O torpedo americano, sem precedentes, veio na terça-feira 19 na forma de uma moção pedindo a substituição do secretário-geral. Foi apresentada pelo subsecretário para Desarmamento do Departamento de Estado, John Bowton. O próprio secretário de Estado americano, Colin Powell, telefonou para o chanceler brasileiro Celso Lafer antecipando que pediria a degola do diplomata brasileiro por “razões administrativas”. Reunido na última semana em Haia, o conselho executivo do organismo, que reúne 41 países membros, vai repassar a moção ao colegiado formado por seus 145 membros, os mesmos que elegeram Bustani. Na sexta-feira 22 o conselho executivo manteve o embaixador no cargo porque os EUA obtiveram apenas 17 votos contra ele. A maioria dos países se absteve e apenas cinco votaram pela permanência de Bustani: Brasil, Cuba, Irã, Rússia e China.

Os americanos esperam contar com seus aliados europeus.
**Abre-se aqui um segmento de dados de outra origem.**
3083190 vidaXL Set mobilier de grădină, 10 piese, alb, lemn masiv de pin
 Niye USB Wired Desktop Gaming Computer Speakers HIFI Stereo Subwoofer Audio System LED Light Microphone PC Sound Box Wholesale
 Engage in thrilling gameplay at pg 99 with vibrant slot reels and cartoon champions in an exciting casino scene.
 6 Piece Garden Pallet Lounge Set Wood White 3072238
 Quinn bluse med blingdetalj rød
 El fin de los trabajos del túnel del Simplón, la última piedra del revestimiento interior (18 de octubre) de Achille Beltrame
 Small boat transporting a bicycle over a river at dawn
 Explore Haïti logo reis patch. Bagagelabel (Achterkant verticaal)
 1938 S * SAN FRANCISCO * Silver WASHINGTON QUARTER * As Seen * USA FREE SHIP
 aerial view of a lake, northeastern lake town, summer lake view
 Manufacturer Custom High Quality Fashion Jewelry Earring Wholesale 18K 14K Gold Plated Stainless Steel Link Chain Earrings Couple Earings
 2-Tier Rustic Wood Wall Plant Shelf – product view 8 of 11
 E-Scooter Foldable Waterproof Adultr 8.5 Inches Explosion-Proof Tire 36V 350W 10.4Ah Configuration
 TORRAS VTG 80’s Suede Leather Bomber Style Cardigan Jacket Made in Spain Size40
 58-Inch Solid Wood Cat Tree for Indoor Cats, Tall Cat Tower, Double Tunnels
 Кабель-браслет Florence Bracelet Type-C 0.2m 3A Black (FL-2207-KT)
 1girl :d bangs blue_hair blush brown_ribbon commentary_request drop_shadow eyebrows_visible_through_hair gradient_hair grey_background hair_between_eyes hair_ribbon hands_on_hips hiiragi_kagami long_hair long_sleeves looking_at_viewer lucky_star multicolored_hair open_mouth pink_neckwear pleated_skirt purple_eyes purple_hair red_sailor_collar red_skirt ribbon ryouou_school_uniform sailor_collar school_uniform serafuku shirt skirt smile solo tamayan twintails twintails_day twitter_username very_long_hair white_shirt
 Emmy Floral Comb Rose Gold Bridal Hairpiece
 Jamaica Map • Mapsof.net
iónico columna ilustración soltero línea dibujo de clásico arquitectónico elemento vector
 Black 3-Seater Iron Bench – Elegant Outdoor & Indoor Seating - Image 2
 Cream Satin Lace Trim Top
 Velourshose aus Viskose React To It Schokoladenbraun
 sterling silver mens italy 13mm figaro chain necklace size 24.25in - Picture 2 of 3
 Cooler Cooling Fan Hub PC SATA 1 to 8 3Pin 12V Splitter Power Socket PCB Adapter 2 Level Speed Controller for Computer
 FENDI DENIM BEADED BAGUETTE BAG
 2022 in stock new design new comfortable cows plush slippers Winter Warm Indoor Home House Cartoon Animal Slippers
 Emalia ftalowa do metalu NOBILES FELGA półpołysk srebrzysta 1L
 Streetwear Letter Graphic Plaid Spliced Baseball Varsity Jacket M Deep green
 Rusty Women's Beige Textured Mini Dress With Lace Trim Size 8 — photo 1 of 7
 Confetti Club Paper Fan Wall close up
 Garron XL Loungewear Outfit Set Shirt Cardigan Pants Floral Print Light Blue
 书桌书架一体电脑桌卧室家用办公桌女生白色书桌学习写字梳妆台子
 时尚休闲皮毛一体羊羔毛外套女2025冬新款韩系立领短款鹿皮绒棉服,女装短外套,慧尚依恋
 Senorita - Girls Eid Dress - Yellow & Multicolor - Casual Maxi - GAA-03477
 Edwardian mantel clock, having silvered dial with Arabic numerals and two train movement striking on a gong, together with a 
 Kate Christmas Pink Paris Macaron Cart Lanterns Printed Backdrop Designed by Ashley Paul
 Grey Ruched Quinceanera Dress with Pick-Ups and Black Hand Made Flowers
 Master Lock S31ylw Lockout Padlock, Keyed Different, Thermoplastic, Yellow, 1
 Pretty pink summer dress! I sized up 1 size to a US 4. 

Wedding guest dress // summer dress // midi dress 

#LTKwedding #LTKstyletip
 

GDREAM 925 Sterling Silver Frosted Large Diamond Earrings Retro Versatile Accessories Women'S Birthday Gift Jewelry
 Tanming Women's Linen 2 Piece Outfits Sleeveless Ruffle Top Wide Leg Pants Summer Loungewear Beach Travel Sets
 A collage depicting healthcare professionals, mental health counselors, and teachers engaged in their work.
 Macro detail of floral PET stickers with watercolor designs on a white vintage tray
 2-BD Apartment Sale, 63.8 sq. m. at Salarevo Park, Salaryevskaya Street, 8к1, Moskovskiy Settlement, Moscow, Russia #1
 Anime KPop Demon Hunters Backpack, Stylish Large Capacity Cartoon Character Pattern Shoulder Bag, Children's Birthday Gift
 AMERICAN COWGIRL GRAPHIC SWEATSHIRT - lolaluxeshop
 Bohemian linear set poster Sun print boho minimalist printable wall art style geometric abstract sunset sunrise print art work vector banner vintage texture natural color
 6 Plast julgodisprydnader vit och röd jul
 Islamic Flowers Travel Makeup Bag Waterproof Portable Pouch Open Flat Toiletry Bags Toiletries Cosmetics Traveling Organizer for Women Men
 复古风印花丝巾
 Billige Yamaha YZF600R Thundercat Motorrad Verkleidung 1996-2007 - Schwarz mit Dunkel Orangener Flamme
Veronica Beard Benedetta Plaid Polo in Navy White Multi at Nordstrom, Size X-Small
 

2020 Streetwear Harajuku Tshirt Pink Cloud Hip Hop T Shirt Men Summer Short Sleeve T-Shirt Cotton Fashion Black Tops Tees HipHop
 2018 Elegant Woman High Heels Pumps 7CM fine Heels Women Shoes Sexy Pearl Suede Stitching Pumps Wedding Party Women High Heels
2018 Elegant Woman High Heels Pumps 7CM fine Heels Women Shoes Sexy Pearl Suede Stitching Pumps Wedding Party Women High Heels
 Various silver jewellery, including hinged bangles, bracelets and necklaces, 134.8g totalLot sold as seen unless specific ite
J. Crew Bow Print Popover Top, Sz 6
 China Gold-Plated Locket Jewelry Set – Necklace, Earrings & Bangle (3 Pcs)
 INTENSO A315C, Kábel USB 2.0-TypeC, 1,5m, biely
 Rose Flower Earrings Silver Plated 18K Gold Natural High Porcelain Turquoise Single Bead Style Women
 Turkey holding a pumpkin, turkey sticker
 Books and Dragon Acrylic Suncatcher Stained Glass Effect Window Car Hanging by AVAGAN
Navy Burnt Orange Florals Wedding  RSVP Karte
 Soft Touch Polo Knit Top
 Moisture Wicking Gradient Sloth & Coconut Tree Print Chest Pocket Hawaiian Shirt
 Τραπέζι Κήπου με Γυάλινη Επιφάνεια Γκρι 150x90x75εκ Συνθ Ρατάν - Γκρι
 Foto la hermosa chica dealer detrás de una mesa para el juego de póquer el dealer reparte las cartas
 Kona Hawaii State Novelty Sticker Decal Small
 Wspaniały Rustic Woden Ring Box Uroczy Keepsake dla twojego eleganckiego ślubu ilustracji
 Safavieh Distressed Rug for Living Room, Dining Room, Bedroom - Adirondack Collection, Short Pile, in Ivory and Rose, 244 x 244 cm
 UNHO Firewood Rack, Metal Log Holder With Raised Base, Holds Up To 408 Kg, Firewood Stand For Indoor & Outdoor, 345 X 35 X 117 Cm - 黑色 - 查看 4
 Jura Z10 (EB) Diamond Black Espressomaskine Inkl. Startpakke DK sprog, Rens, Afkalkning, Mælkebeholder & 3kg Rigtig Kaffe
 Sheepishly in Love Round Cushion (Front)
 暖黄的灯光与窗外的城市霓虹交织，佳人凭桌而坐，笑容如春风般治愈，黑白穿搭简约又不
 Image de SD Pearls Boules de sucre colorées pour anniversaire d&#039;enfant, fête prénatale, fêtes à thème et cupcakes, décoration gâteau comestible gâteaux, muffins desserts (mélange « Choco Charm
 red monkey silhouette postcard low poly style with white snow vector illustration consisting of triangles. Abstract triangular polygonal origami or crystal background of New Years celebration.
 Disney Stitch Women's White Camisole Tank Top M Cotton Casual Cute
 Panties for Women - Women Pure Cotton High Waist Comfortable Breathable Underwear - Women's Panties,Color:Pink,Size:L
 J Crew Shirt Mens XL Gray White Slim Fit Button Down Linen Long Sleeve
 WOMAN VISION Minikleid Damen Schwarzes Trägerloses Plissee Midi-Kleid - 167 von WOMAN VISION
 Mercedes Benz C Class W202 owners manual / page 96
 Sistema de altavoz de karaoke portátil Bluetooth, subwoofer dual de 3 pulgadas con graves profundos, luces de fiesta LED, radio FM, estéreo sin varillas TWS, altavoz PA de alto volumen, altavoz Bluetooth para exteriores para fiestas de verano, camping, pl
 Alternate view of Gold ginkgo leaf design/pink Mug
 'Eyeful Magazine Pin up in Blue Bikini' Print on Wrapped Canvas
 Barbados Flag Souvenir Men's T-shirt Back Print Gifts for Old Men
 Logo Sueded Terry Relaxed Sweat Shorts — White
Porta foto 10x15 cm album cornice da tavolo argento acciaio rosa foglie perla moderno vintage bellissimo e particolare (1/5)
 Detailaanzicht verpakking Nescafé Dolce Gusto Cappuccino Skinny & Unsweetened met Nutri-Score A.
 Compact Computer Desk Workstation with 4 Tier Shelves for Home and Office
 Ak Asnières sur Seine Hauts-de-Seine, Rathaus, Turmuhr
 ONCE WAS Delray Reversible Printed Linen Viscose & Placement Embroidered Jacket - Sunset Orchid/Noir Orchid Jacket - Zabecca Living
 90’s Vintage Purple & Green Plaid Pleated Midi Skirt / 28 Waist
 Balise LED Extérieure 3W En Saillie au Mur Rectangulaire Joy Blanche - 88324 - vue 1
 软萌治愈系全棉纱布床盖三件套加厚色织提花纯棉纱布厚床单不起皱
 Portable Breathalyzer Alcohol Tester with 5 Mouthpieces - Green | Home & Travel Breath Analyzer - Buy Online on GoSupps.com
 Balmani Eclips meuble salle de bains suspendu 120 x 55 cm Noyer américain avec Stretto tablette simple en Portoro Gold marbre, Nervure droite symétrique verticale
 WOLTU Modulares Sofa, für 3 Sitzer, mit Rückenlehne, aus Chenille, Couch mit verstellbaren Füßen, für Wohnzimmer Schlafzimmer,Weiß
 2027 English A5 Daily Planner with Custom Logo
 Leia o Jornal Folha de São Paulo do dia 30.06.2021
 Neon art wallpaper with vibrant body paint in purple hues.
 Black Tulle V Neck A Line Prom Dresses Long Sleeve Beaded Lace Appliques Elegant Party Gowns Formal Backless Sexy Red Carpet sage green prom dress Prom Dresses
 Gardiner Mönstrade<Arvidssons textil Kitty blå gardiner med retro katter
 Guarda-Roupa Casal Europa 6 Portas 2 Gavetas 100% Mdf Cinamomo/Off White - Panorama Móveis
O Brasil responde montando um guarda-chuvas diplomático para proteger Bustani. O secretário de Organização Multilateral do Itamaraty, Araújo Castro, que mora na França, é um dos pontas-de-lança do lobby pró-Bustani, mas aqui dentro é um assessor direto do presidente Fernando Henrique Cardoso, o embaixador Eduardo Santos, quem cuida do caso. No front externo, o Brasil negocia o apoio dos países em desenvolvimento e até de dissidentes europeus afetados pela guerra do aço – as medidas protecionistas americanas para produtos siderúrgicos semi-acabados. Embaixadores do Brasil em países da América Latina, Europa, África e parte da Ásia já iniciaram uma operação para preservar Bustani. O Itamaraty divulgou uma nota oficial prometendo resistir.

Mas alguns diplomatas denunciam que, por pressão da Casa Branca, o Planalto não está se esforçando em manter o embaixador brasileiro à frente da Opaq. A única vez em que falou no assunto, FHC disse que gostaria de ver Bustani mantido no cargo, mas ressaltou que ele não era representante do governo brasileiro, mas da ONU. Muitos diplomatas acham que Bustani foi “rifado” e que o chanceler Celso Lafer já tem carta branca para negociar com os EUA sua saída em troca da presidência do Alto Comissariado da ONU para os Direitos Humanos para um brasileiro, o atual administrador do Timor Leste Sérgio Vieira de Melo.